Posted by kaskade on Apr 2nd, 2013
This is the seventh entry I wrote for the TRI dev log on TIGForums. You can find the previous parts there.
Yes, we and our project TRI are still alive! After a pretty long break at the end of 2012 we decided to move the game into a different direction, especially regarding the style. The story changed, too, but this is not quite as relevant, as the story and plot we thought of were never an integral part of the alpha versions. In the current pre-release we even removed any hint of story, because we want to add NPCs later, and concentrated on other stuff this time.
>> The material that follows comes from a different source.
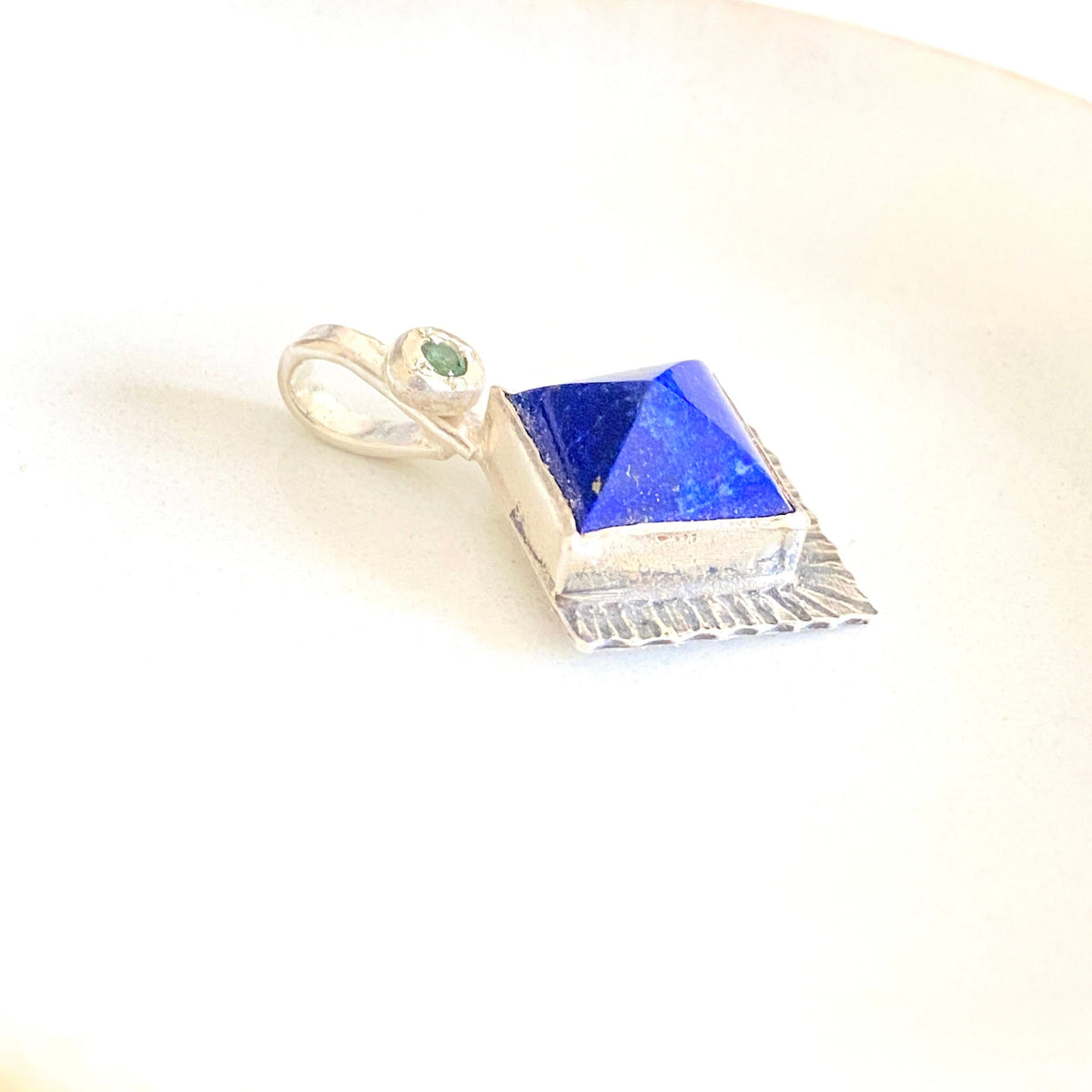 Lapis and Green Tourmaline Silver Pendant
The pause in the last quarter of 2012 was mainly for doing contract work, to get some money for food and shelter - but it also gave us time to rethink some design decisions we made regarding TRI. The main concern was to make everything easier for us to create content, which means
simpler textures– mostly just quadratic tiles
simpler mapping – standardized box mapping will do in most cases
simpler level creation – try to stay in a grid of 1x1x1 meters initially
simpler level export – click a button in 3dsMax and the stuff is in the game
simpler mission design – the main goal of every level now consists of collecting three keys in order to open a portal to the next level
All this simplification resulted in a better consistency of the looks and the gameplay. The new art style can be tweaked quite easily by changing a few colors, the ambient light and the global fog. Improving the gameplay and layout of a single level even after texturing and mapping it became easy. With the new limitations, we can predict the ideal size and content of a level much better and we're more confident now when creating the level design.
We also built a tutorial mission which will introduce the player to the world, so it contains a show-jumping course for learning the basic controls, but will also be the start of the story, as NPCs will give the player motivation to actually move through the levels.
Right now we get mostly positive feedback, especially regarding the level architecture. But not enough people are playing the game – let alone buying the alpha version. The trailers we do might be big turn-offs, as creating the triangles seems tedious. It's actually fun and feels natural, but how can we tell the hard to convince trailer-watchers? We probably need to make it more clear that TRI's focus is not only on puzzles but also on exploration.